Posted by Sara McCorquodale in Comment

3 years ago

When historians document the final days of Donald Trump’s presidency, there will be a single fact that unites all reportage: Twitter was the social platform that said enough is enough first. Before he left the White House. Before he became, on the face of it, just another citizen. It will be the noble tech giant that took a stand.

Except, the truth is this: in the relentless yarn of Trump and Twitter, there are no good guys and it was completely pointless to ban him now. He already has an enormous audience which he created, radicalised and mobilised there and those digital disciples are going to follow him wherever he goes. Banning him now is absurd – the flimsiest of fixes. We all know the damage is done. The thing we don’t know is what he’ll do next.

Now, this may seem needlessly negative given we’re in a lengthy pandemic, our collective fortunes are plummeting and Ocado has announced the possibility of food shortages. But, as I scrolled through clapping emojis and outbursts of gratitude to Twitter after it locked the President’s account, I remembered a story someone very clever told me a couple of years ago that made my blood run cold.

I was writing my first book – Influence – which was an investigation into how digital influence works, and was fascinated by how the alt-right had used social media to rise. So, I spoke to an expert and after we talked through how racist content goes on a journey from 4-chan to Twitter, he shared why de-platforming doesn’t work. In a way, this was news to me – surely if you deny the person their mass audience, you can start to solve the problem? No, he laughed.
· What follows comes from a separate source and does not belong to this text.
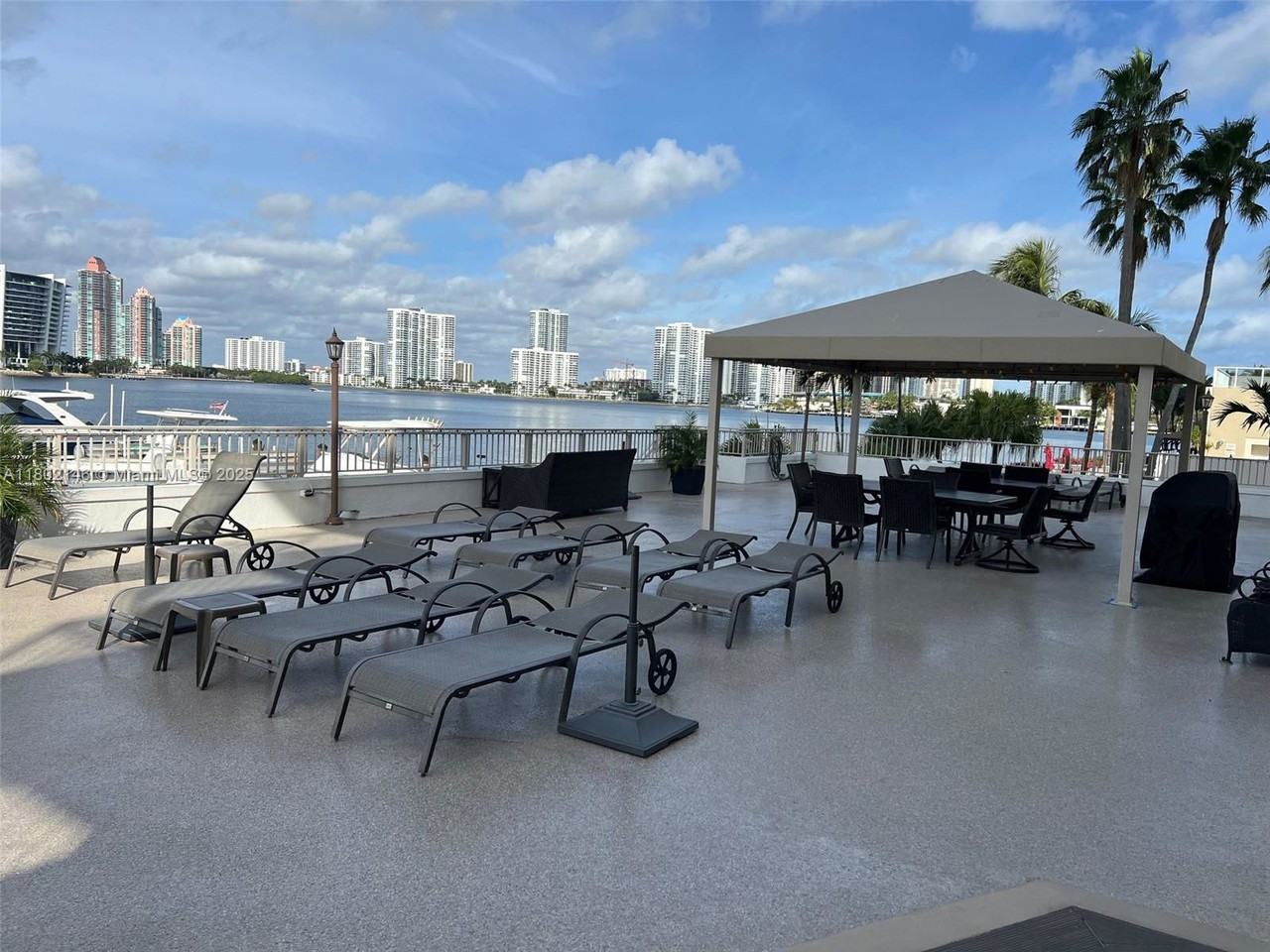 1800 North 12th Way - Photo 3 of 8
The kind of laugh you do, not because someone is funny, but because they are so ignorant you can hardly believe it.

He told me about an incel group that had existed on Twitter, Facebook and Reddit. They were really dark and extreme – properly scary – and one-by-one each platform kicked them off. Now, he said, you can’t see what they’re doing. Now, they are completely in the dark. “But they are still out there,” he said. “It’s just now we don’t know where.” Thanks to the mainstream social networks attempting to de-platform them, they are using their own networks – free of regulation, suspension and people who might challenge them.
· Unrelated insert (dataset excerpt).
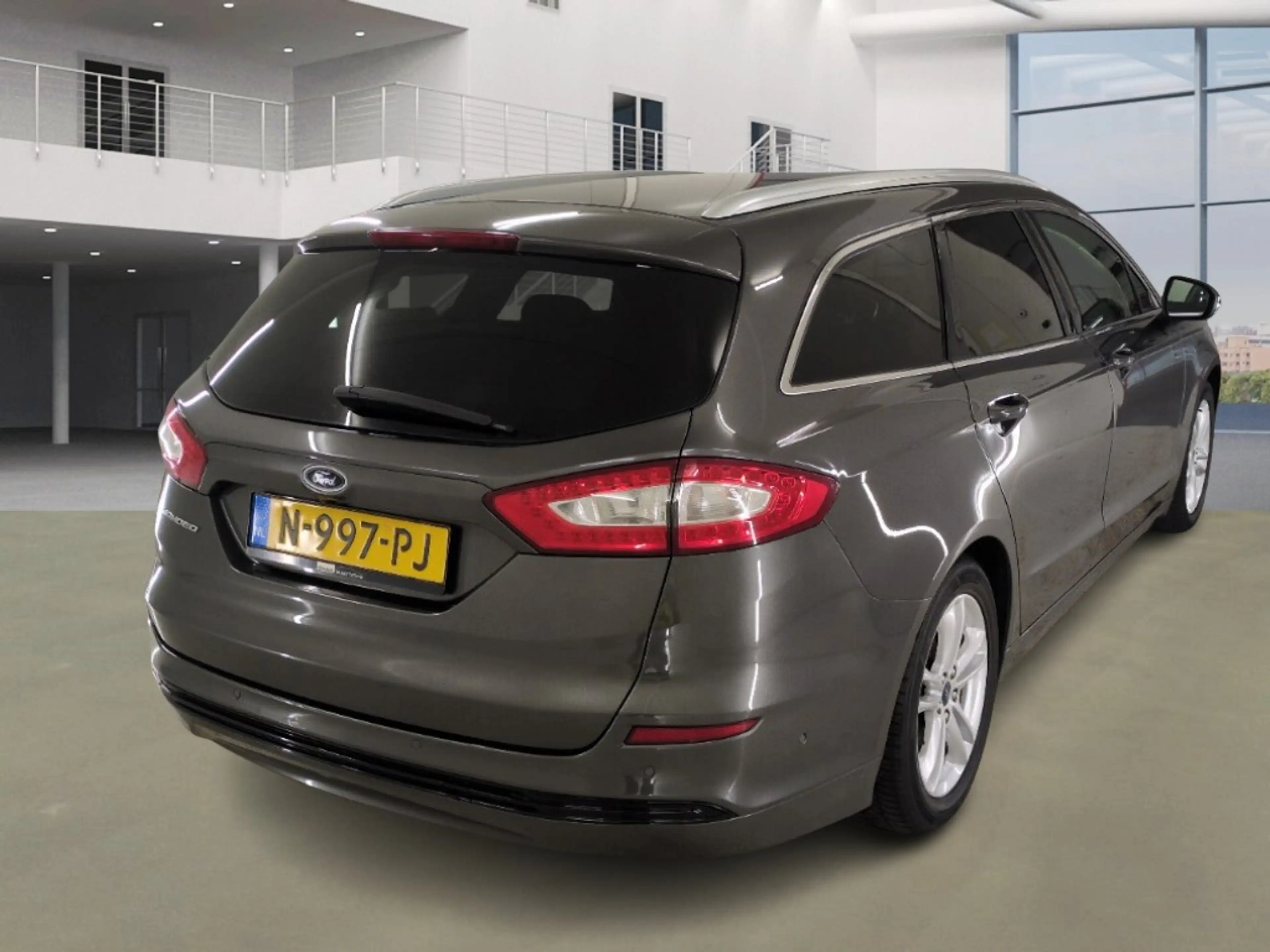 Ford Mondeo Wagon 1.5 Titanium — photo 3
With Trump losing Twitter, and no doubt Facebook will follow when he leaves office, it’s entirely plausible he’ll create his own digital platform to welcome his enormous devoted audience. His relentless message of “us (MAGA) vs them (everyone else)” means his followers already believe Twitter and Facebook are against them. They already believe the world is against them. Only Trump allows them to be authentic, say what they truly think and not be the bad guys. Even if they are the bad guys.

A Trump-owned digital platform would thrive, especially now that his audience is united by the injustice – albeit falsehood – of a stolen election. They are already riled up and mobilised. The only thing missing on social media is their great leader, their queen bee, and there’s no way he’s going to give up that much power just because Jack Dorsey puts his foot down (five-ish years too late).
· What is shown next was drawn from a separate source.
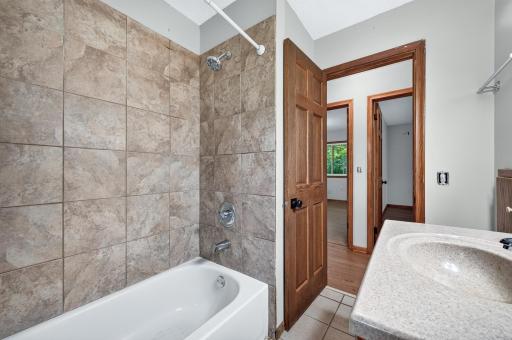 6913 Toledo Avenue N, Brooklyn Center, MN 55429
The fact is, if a person has a digital audience that loves them enough, it’s pretty impossible to de-platform them in the digital age. Because that audience doesn’t care if the platform is Twitter, Facebook or something else entirely – they’re not there for the platform, they’re there for the person. And in this case that’s Trump – unfortunately the biggest digital influencer of our time and more worrying, the scariest.

By Sara McCorquodale, CEO and founder of CORQ.